▶ _Data for processing_
● ● ● ●
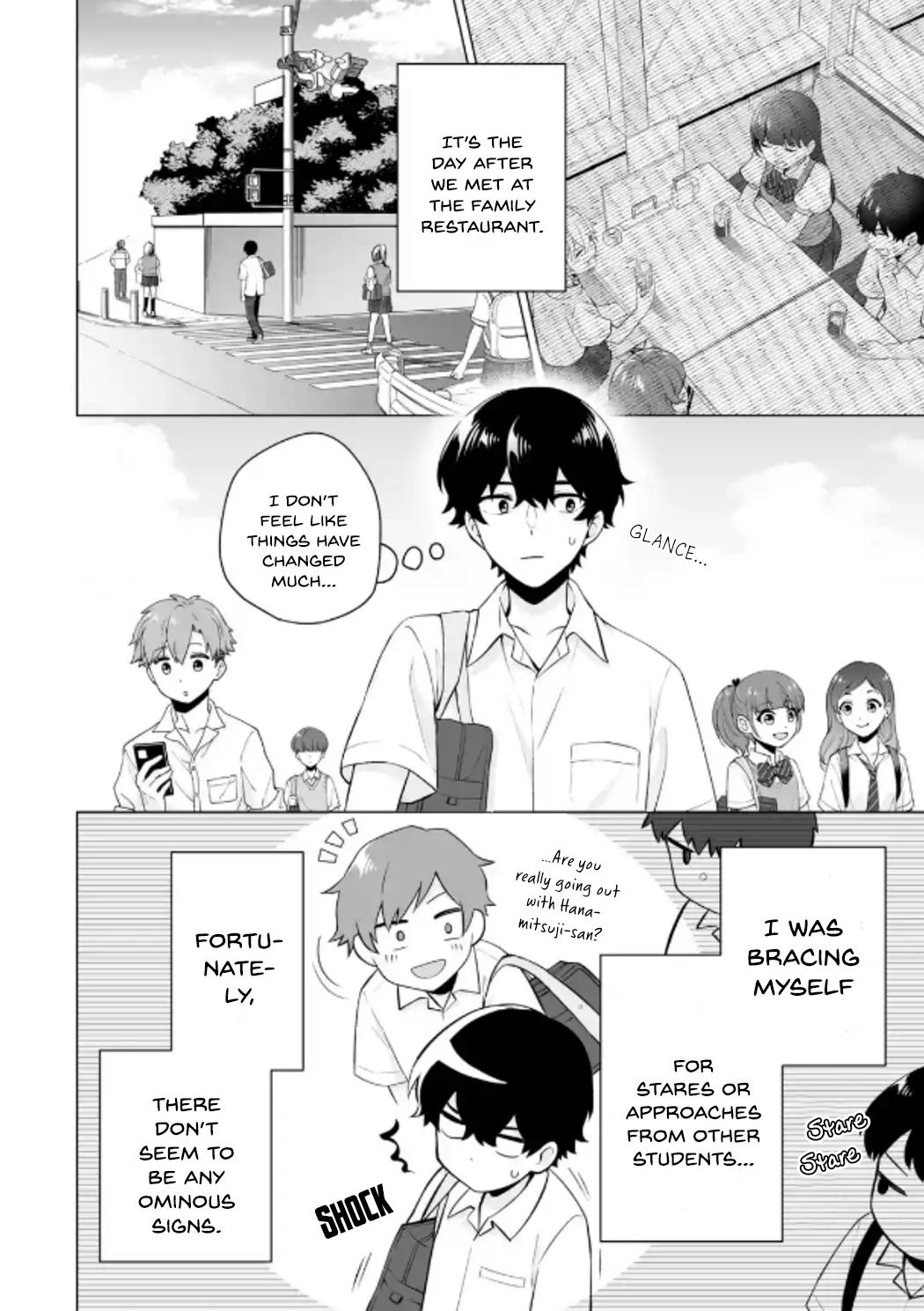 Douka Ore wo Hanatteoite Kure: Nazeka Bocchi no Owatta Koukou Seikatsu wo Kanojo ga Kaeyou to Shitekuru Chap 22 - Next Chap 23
● ● ● ●
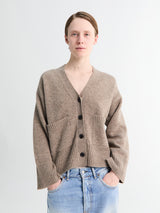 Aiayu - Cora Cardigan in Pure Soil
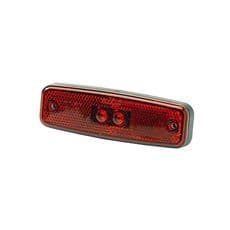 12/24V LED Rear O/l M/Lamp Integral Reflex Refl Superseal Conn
● ● ● ●
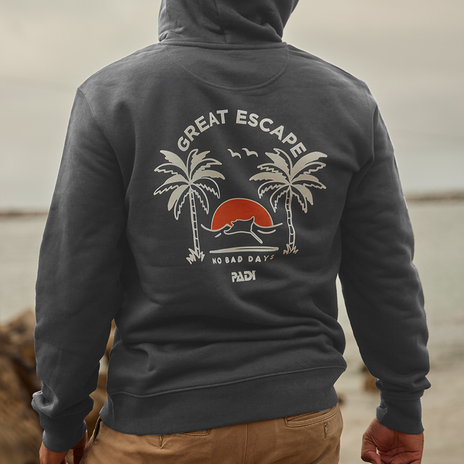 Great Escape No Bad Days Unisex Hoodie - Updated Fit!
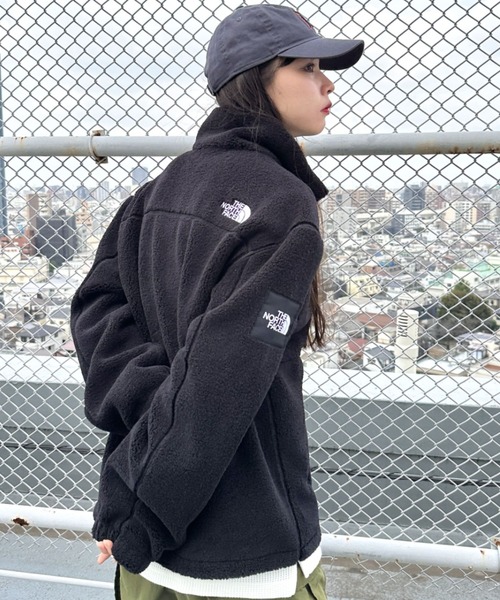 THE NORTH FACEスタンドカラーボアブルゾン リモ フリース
● ● ● ●
▶ _To do_
In the entries above, find the line that contains "Great Escape No" and the line that contains "THE NORTH FACEスタンドカラーボアブルゾン リモ フリース". Reproduce exactly those two lines and every line between them, but not the pictures.

▶ _Output for this task_
 Great Escape No Bad Days Unisex Hoodie - Updated Fit!
 THE NORTH FACEスタンドカラーボアブルゾン リモ フリース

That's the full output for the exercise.